D. Federal Hiking Trails Ordinance ( Verordnung vom 26. November 1986 über Fuss- und Wanderwege [FWV; SR 704.1])
16. Article 6 of the federal ordinance defines which pavements are not suitable for hiking trails:
“Unsuitable in the sense of Article 7(2)d of the Federal Hiking Trail Act are namely all pavements consisting of bitumen, tar or concrete.”
E. The Ordinance of the Canton of Schwyz Regarding the Federal Hiking Trails Act ( Kantonale Verordnung zum Bundesgesetz über Fuss- und Wanderwege vom 18. Mai 2004 [SRSZ 443.210])

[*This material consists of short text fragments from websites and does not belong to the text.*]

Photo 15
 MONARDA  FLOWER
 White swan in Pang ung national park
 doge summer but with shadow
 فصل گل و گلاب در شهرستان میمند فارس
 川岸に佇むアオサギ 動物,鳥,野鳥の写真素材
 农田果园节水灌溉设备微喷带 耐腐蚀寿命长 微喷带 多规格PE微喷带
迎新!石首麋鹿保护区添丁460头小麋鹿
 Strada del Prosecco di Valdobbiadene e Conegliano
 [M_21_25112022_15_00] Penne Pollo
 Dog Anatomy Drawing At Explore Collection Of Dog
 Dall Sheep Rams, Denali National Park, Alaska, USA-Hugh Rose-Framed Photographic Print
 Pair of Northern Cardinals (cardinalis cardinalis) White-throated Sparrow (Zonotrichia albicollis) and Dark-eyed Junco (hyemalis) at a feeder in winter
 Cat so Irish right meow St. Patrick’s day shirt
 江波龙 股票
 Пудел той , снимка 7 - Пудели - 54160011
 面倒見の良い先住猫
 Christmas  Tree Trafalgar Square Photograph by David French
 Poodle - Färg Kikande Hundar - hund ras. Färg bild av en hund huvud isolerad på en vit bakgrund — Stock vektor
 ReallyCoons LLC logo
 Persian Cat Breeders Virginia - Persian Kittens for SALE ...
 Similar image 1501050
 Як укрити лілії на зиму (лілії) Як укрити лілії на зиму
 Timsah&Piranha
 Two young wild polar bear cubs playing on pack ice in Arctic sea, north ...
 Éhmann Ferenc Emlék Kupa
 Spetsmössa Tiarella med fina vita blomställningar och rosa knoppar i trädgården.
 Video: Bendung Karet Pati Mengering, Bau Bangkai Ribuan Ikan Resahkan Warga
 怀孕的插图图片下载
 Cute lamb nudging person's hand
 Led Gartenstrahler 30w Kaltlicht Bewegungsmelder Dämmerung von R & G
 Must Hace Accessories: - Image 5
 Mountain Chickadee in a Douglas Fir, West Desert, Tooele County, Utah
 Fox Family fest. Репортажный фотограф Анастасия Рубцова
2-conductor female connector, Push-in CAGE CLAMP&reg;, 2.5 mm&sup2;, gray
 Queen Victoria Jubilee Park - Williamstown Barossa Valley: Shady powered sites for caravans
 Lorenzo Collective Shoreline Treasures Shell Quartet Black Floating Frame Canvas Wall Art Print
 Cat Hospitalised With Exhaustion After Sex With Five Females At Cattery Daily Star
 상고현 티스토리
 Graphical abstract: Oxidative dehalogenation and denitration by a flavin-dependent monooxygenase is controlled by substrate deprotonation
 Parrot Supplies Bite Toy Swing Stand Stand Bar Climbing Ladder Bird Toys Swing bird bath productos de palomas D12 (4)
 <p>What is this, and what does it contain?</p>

17. Article 13(3) of this cantonal ordinance reads as follows:
“Rights can be expropriated according to the cantonal expropriation provisions if they cannot be acquired free-hand.”
III. THE COMPLAINTS
The applicants claim a violation of Article 6 § 1 of the Convention owing to the fact that the Swiss authorities and courts were not willing to edit the evidence relating to the construction permit of 1984 (“fair trial”) and to grant protection to the memorandum of 3 July 2004.
QUESTIONS TO THE PARTIES
1. In accordance with Article 6 § 1 of the Convention, was the right to be heard respected as regards the courts ’ refusal to grant the applicants ’ request (i.e., the production of documents demonstra ting that the original Way of St James has historically run on the left side of the river Alp and that the forest path on the right side of the river was constructed not before 1984)?
2. Taking into account that the Way of St James is an important hiking trail in the canton of Schwyz and therefore a major tourism attraction generating nuisance: Has there been an interference of the applicants ’ right to respect for their private and family life, as well for their home contrary to Article 8 of the Convention? In the affirmative, was that interference in accordance with the law, pursuing a legitimate aim and necessary in terms of Article 8 § 2?
3. In view to Article 8 of the Convention and legal certainty: Was there a breach of the applicants ’ “legitimate expectation s” based on the memorandum of 3 July 2004?